Uważana za kandydatkę do tytułu mistrzyni olimpijskiej w biegu na 100 m Sha’Carri Richardson może w ogóle nie wystąpić w igrzyskach w Tokio. Amerykanka miała pozytywny wynik testu na obecność marihuany – poinformował m.in. „The New York Times”.
Badanie przeprowadzono podczas czerwcowych, wewnętrznych kwalifikacji olimpijskich lekkoatletów ze Stanów Zjednoczonych w Eugene. 21-letnia Richardson wygrała wtedy z czasem 10,86 i zapewniła sobie start w Japonii. Kilka tygodni wcześniej uzyskała jeszcze lepszy rezultat – 10,72.
Teraz jej występ w Japonii stanął pod dużym znakiem zapytania, bowiem marihuana znajduje się na liście zakazanych substancji Światowej Agencji Antydopingowej. Pozytywny wynik może skutkować zawieszeniem na okres od miesiąca do dwóch lat.
W enigmatycznym tweecie Richardson napisała: „Jestem człowiekiem”.
Niektóre media – powołując się na anonimowe źródła – napisały, że Jenna Prandini, która w finale mistrzostw USA zajęła czwarte miejsce, już rzekomo otrzymała wiadomość, że będzie startowała na 100 m w IO w Tokio. Ma zastąpić w trzyosobowym składzie Richardson.

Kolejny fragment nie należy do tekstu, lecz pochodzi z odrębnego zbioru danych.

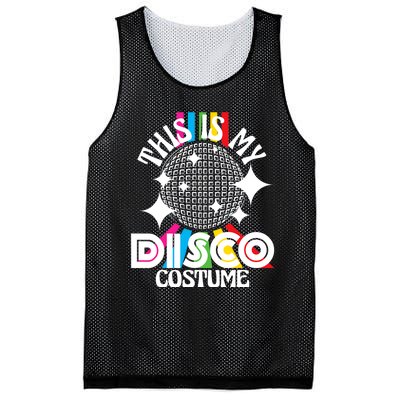 This Is My Disco Costume 1970s Funky Party 70s Groove Mesh Reversible Basketball Jersey Tank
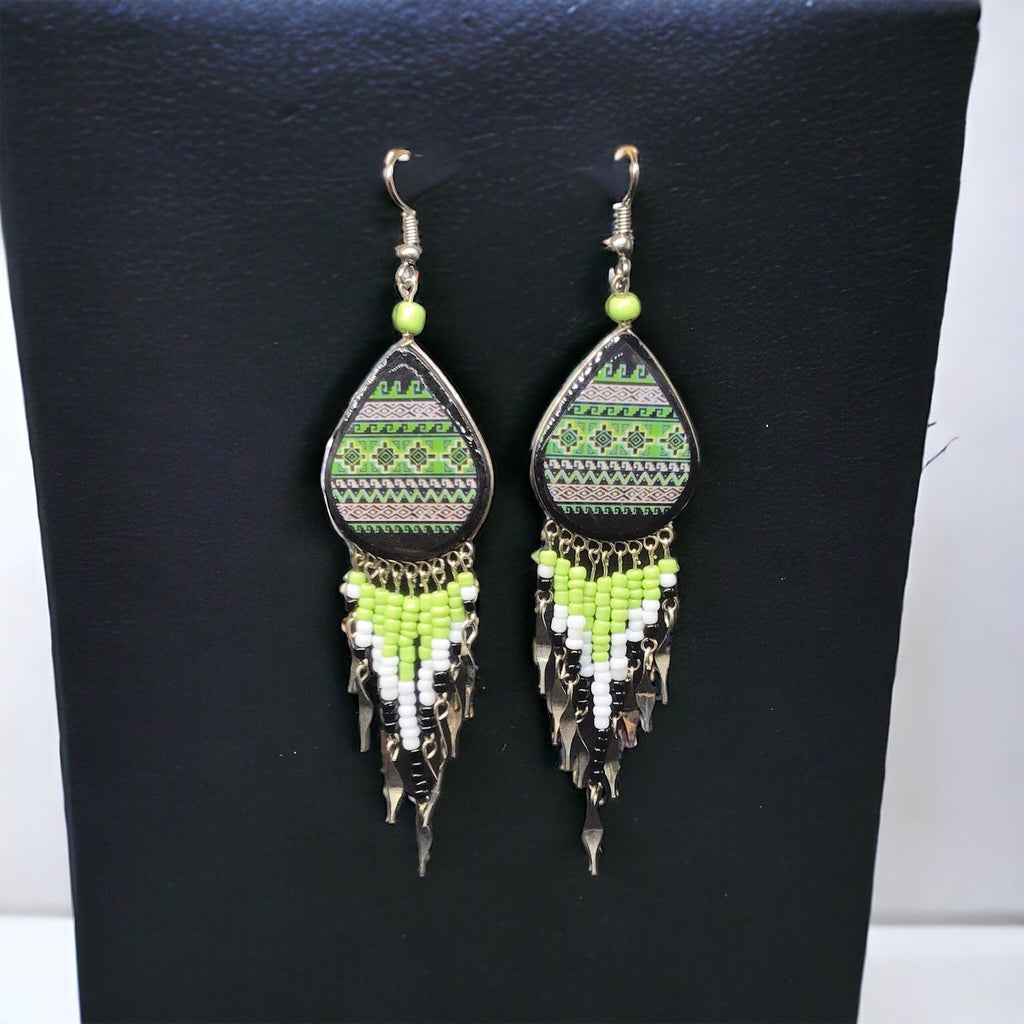 Green Southwestern Earrings
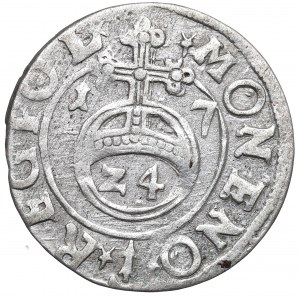 Sigismund III. Wasa, Halbspur 1617, Bromberg - Sachse ohne Schild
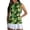 St. Patrick's Leaf, variant on Uorisanigo Palm Leaf Flower Women's Golf Sleeveless Shirt Size XS Breathable Zipper Neck Hiking Running Workout Tops Comfortable Fashion Tennis Tops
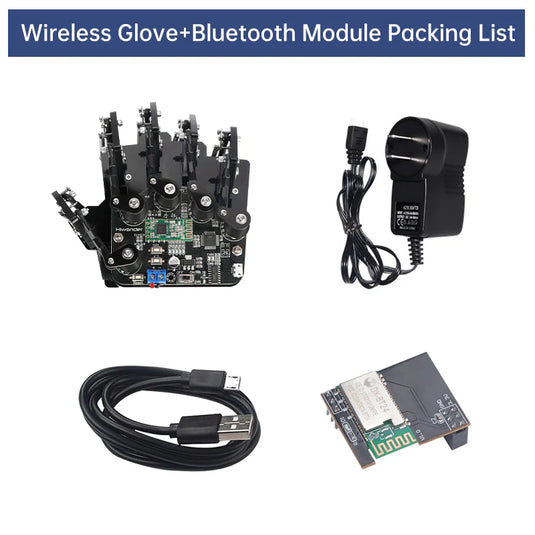 Hiwonder Wireless Glove Open-source Somatosensory Mechanical Glove for Robot Control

W niedzielę Richardson, uważana za wschodzącą gwiazdę sprintu, miała rywalizować na dystansie 200 m w mityngu Diamentowej Ligi w Sztokholmie. Jej nazwiska nie ma jednak na oficjalnej liście startowej.

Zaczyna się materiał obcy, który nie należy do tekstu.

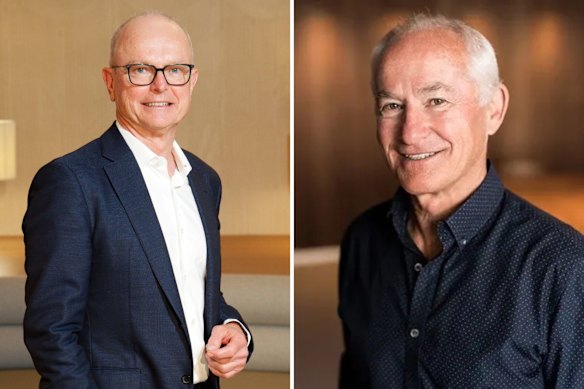 Two big names in the WA property scene: Dale Alcock and Garry Brown-Neaves.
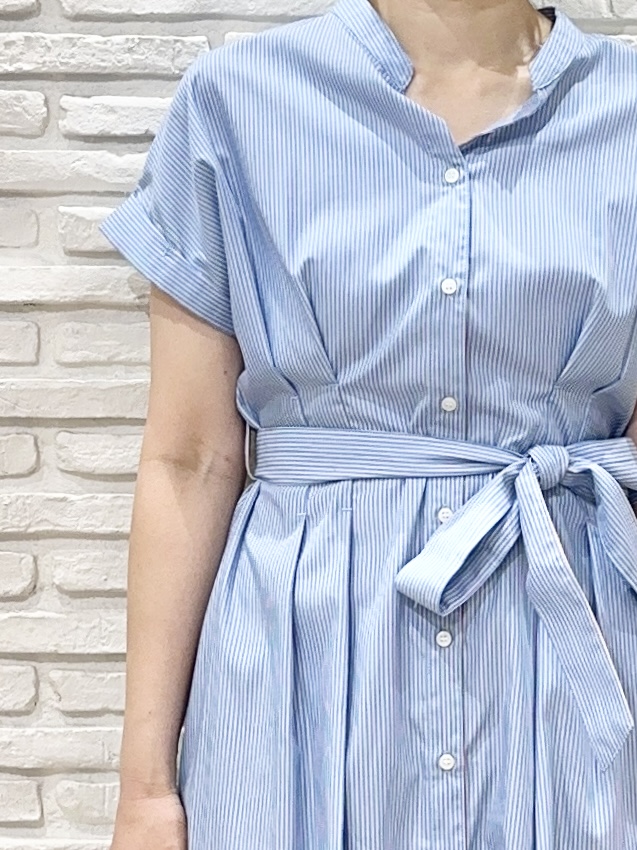 Hana...eさんの「index｜【接触冷感／UV】ストライプタックシャツワンピース《洗濯機OK》」を使ったコーディネート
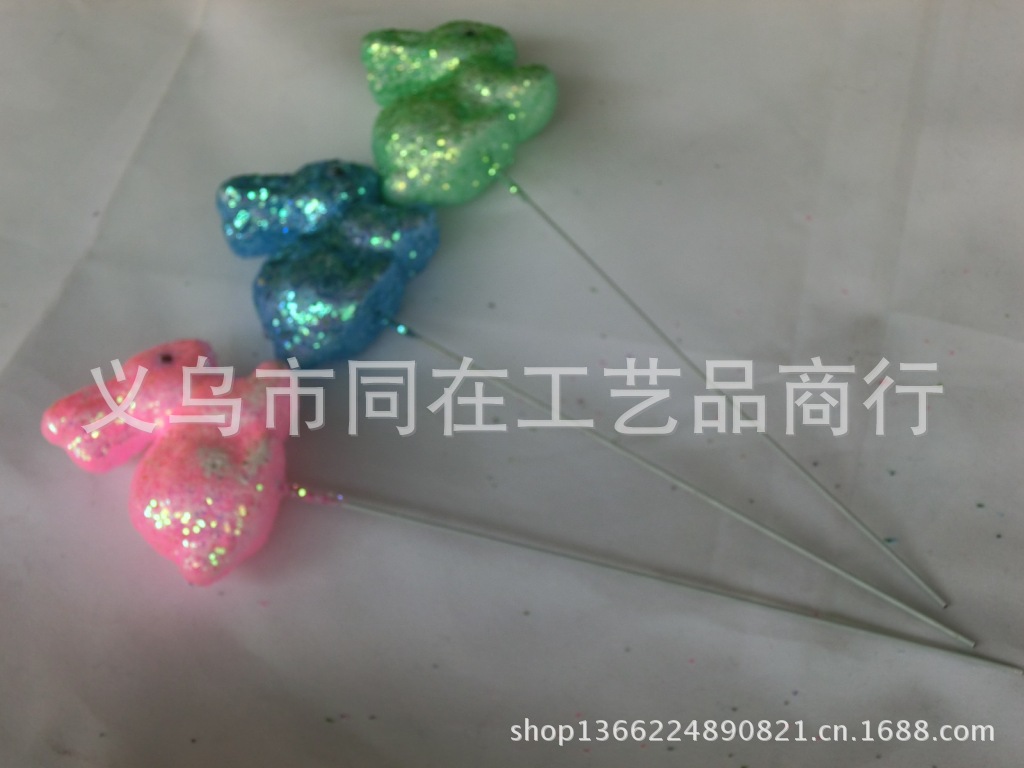 復活節泡沫小兔子裝飾品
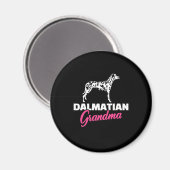 Dalmatian Grandma Magneet (Voorkant / Achterkant)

W tegorocznej światowej klasyfikacji na 100 m prowadzi Jamajka Shelly-Ann Fraser-Pryce – 10,63.
AKTUALIZACJA
Uważana za kandydatkę do tytułu mistrzyni olimpijskiej w biegu na 100 m Amerykanka Sha’Carri Richardson została zawieszona na miesiąc w związku z pozytywnym wynikiem testu na obecność w organizmie marihuany i nie wystąpi w tej konkurencji na igrzyskach w Tokio.
Jak poinformowała w piątek Amerykańska Agencja Antydopingowa (USADA) Richardson zaakceptowała nałożoną na nią karę i wykazała skruchę.
„Przepisy są jasne, ale to ogromny żal na wielu płaszczyznach. Liczę na to, że jej odpowiedzialna postawa i przeprosiny będą przykładem dla nas wszystkich, jak reagować na niefortunne decyzje, choć konsekwencje tej będą dla niej naprawdę kosztowne” – powiedział kierujący USADA Travis Tygart.
Wcześniej o pozytywnym wyniku badania Richardson informował m.in. „New York Times”. Test przeprowadzono podczas czerwcowych, wewnętrznych kwalifikacji olimpijskich lekkoatletów ze Stanów Zjednoczonych w Eugene. 21-letnia Richardson wygrała wtedy z czasem 10,86 i zapewniła sobie start w Japonii. Wynik ten został jednak anulowany.
Jak tłumaczyła w wywiadzie dla NBC lekkoatletka, wtedy starała się poradzić sobie ze śmiercią mamy.
„Tak jak wczoraj pisałam na Twitterze, jestem człowiekiem. Wszyscy jesteśmy ludźmi. Chcę być szczera i otwarta przed wami, niezależnie od tego, czy mam do przekazania coś dobrego, czy coś złego. Ale jeśli chodzi o nazwisko Sha’Carri Richardson, nigdy nie będzie do niego doczepiony żaden steryd. Zarzut i cała sytuacja dotyczyły marihuany” – podkreśliła.
Nie jest jednak wykluczone, że Amerykanka weźmie udział w zaplanowanych na późniejszy termin zmaganiach sztafet w Tokio. Okres jej zawieszenia upływa kilka dni przed zakończeniem igrzysk. Ceremonia otwarcia odbędzie się 23 lipca, a zamknięcia – 8 sierpnia.